Locke, Campbell & Chapman, Joseph Campbell (orally), Augusta, for defendants.

Before McKUSICK, C.J., and NICHOLS, ROBERTS, VIOLETTE, GLASSMAN and SCOLNIK, JJ.

ROBERTS, Justice.

The plaintiffs 1 claim that the general public has acquired the right to use a right-of-way and a beach on land of the defendants along the northern shore of Lake Cobbosseecontee. In addition, the Town of Manchester alleges that the defendants are estopped to deny that the town holds such an easement in trust for the general public. The plaintiffs appeal from a judgment of the Superior Court, Kennebec County, in favor of the Augusta Country Club and the Augusta Golf Company. Because the evidence supports the decision of the Superior Court and because the right of the plaintiffs to trial by jury, if indeed they had such a right, was not preserved, we affirm the judgment.

I.

The evidence, viewed in the light most favorable to the defendants, would warrant the following conclusions. Lake Cobbosseecontee is an oblong body of water whose northernmost shore lies just west of the Manchester town center and south of Route 202, a main highway between Winthrop and Augusta. In 1916, one Arthur Brainard deeded a parcel of land located between Route 202 and the Lake to the Augusta Golf Company, a Maine corporation. This parcel, located in the towns of Winthrop and Manchester, formed the western portion of the property now the subject of dispute. The eastern portion, also situated between Route 202 and the Lake, but lying wholly within the borders of Manchester, was deeded to the Company by Herbert Hammond in 1917. Together these parcels are occupied by the Augusta Country Club, a Maine corporation and a tenant at will of the Augusta Golf Company.

Where the two properties would otherwise converge along the lake shore there is a small, trapezoidal parcel of land conveyed by Brainard to John Gould in 1903. The deed to Gould also conveyed a right-of-way running south from Route 202, along the Manchester-Winthrop town line, to a sand beach adjacent to and westward of the Gould estate.
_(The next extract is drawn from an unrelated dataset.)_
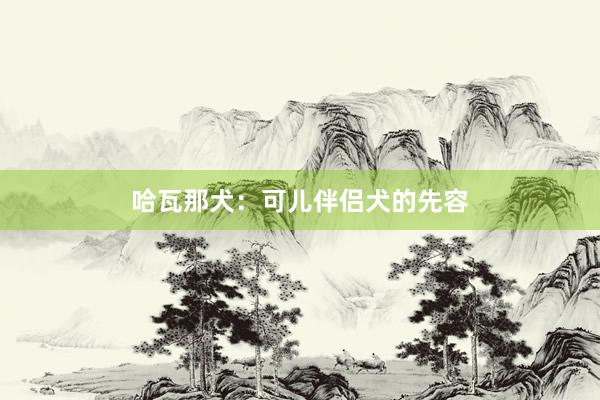哈瓦那犬：可儿伴侣犬的先容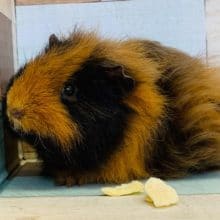 レア種！モルモット(メリノ)の男の子入舎！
This right-of-way was used to gain access to the Gould property, but was also used by members of the general public to gain access to the beach. In 1931, the country club began construction of an additional nine holes for its golf course. This construction interfered with Gould's right-of-way, but in 1932 the Augusta Golf Company conveyed a new right-of-way to Gould, beginning well to the east of the Manchester town line and running southward and then westward to the Gould property. This easement was conveyed "subject, however, to any and all rights that the town of Manchester may have in and to said right of way."

Since 1932, members of the general public have used the beach and lake for purposes of recreation and for commercial and noncommercial ice-cutting. In 1935, the country club hired an attendant to supervise the beach and to restrict its use to club members and their guests. Nevertheless, it appears that use of the right-of-way and of the beach by the general public continued unabated. In 1957, the club began restricting access to the beach to club members and to residents of the Town of Manchester. 2 Residents were asked to present identification cards, which were provided by the town, and signs were posted along the right-of-way stating that the beach was the private property of the club. The club also installed a chain, and later a gate, across the right-of-way to prevent after-hours use of the beach.

Throughout the years, the club made numerous improvements to the beach, including the installation of a bath house. The town, on the other hand, maintained the right-of-way. At its annual meeting in 1975, the town voted to appropriate $2500 for the security and maintenance of the beach. 3 It appropriated $1000 for this purpose each ensuing year from 1976 to 1980. From 1960 to 1980, however, the population of Manchester had approximately doubled, and use of the beach by residents of the town increased accordingly. In a letter to the Manchester Board of Selectmen dated February 24, 1981, the club informed the town that "we reluctantly are compelled to close the beach to all but club members and their invited guests commencing with the 1981 season."

The town responded by appointing a Manchester Beach Committee, which, on May 6, 1981, submitted nine proposals to the club as a means of assuring continued access to the beach by both club members and residents of the town. On July 1, the club announced that, effective July 10, the beach would be restricted to club members and their invited guests. 4 The town, seeking to represent the interests of the general public, filed suit in the Superior Court on July 10. After a trial without jury, the Superior Court found that no rights had been acquired by the public and entered judgment for the defendants.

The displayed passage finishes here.